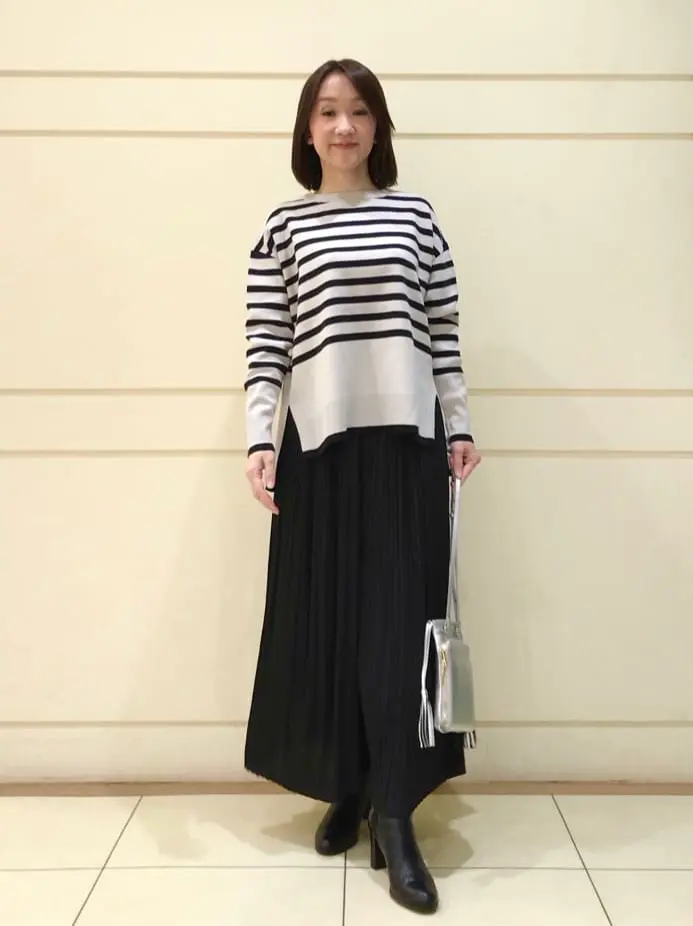 自由区 加藤 コーディネート画像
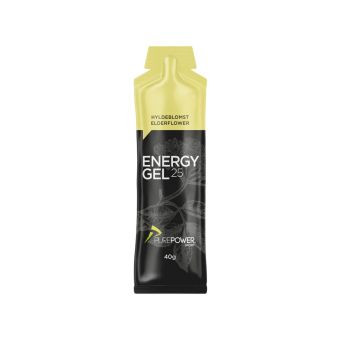 PurePower Energy Gel 40 g - Hyldeblomst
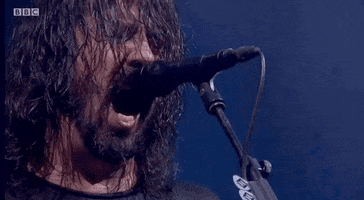 Foo Fighters Reading And Leeds 2019 GIF by BBC Radio 1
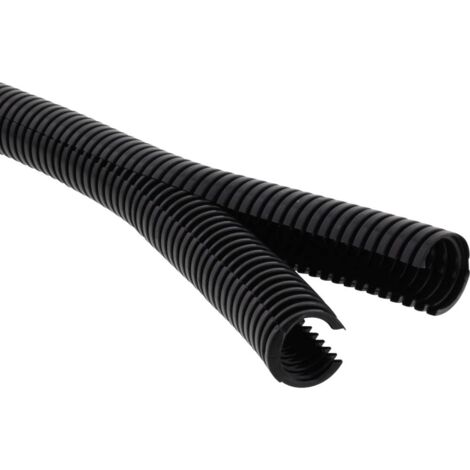 Wiska 10107137 BCAV-23-D-BK Gaine annelée noir 20.5 mm 50 m (1/2)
========================================
**The task:** Every line above should be output exactly, except for the pictures.

**Answer section:**
 自由区 加藤 コーディネート画像
 PurePower Energy Gel 40 g - Hyldeblomst
 Foo Fighters Reading And Leeds 2019 GIF by BBC Radio 1
 Wiska 10107137 BCAV-23-D-BK Gaine annelée noir 20.5 mm 50 m (1/2)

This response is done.